# Switching cycles problem



## amateurguy (Nov 3, 2007)

As a challenge for me, I have decided to try my hands at blindsolving. After looking around for a while, I am using PJKCubed's method and started practicing with sighted solves first: http://pjkcubed.com/blindfold-guide.html

Note that my CO method is different as I learned about some 'buffer zone' technique a lot earlier. I didn't have too many problems with EO too. But permutation cycles are killing me.

I'm using PJKCubed's method of permutation as it only requires one algorithm (the T-perm which turned out to be one of my favourites), and as a beginner, I'd definitely prefer better understanding first rather than quick times (I felt a tad bit overwhelmed at the amount of thinking required for setting up in the 3-cycle method). I had no problems understanding the Example Solve, but it did not have multiple cycles.

For example, when my EP cycle ends with a correct cubie in the buffer zone, how do I set up so that I can continue 'T-perm'-ing other incorrect cubies? I thought I would just make a simple setup, continue cycling until it's done, and then reverse the setup. But I realized that the T perms would swap more than two corners in this way (corners that have gotten in the way of the setup). Any help in switching cycles without ruining more corners/edges?

Sorry if this was too long-winded and hard to understand (or if there was another thread explaining this!).


----------



## tim (Nov 3, 2007)

The thing you describe is called "breaking into new cycles" and Joel described it very well at his site: click


----------



## amateurguy (Nov 3, 2007)

Thanks for the site! So, how do you actually memorize the 'storing' move as a number in the already long string of numbers you have in your head? Or is there another way to indicate this storing move (or I don't actually need to memorize it)?


----------



## joey (Nov 3, 2007)

amateurguy said:


> Thanks for the site! So, how do you actually memorize the 'storing' move as a number in the already long string of numbers you have in your head? Or is there another way to indicate this storing move (or I don't actually need to memorize it)?

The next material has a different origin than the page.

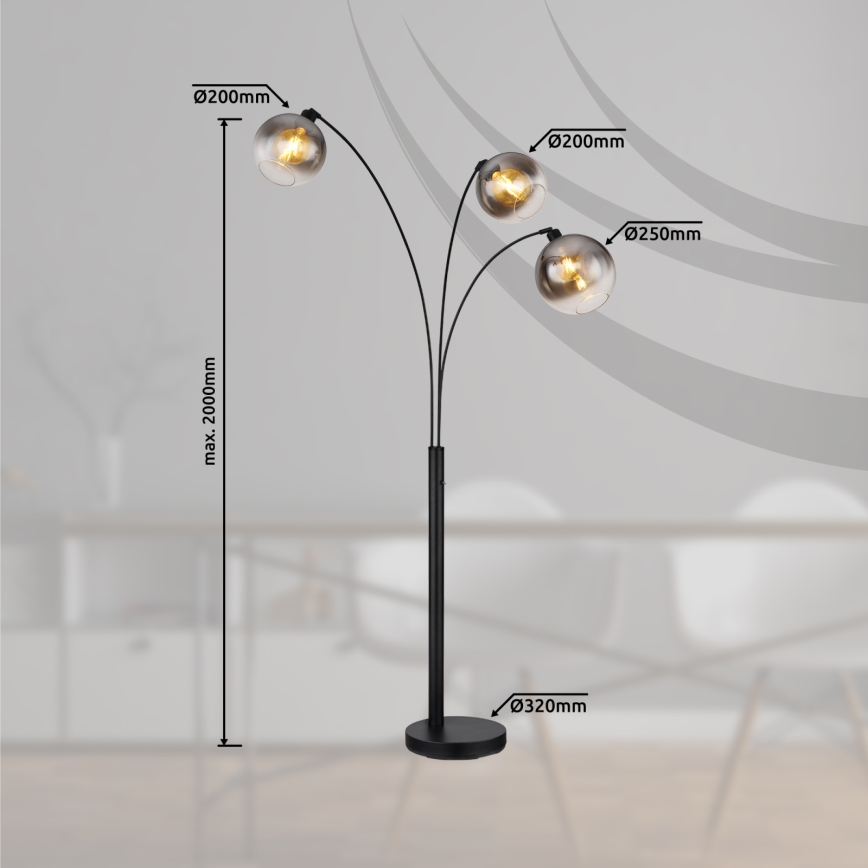 Globo - Vloerlamp 3xE27/60W/230V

You should have it as another number, as you said.


----------



## philkt731 (Nov 8, 2007)

I'm kind of having the same problem. So if your EP was (using macky's number system, 4 being the buffer) (5 9 11 6) (1 7) (2 8 12), I think you could memorize it as one big string: 5 9 11 6 1 7 *1* 2 8 12 *2* by repeating the first number in each cycle at the and of its cycle except for the first one. So you just do the T perms on these numbers in rapid succession. Is that right?


----------



## amateurguy (Nov 8, 2007)

Actually, I should not have jumped the gun and start this thread, because I figured out how the numbers should go before I received a reply. If I'm not mistaken, it should look like how philkt731 has written it. 

Well...I should not be mistaken...because I have done many sighted BLD solves with this numbering. And I have also managed to do two solves fully blindfolded using this system recently! And it's a really great feeling to accomplish a full BLD solve! Thanks to everyone for your help!


----------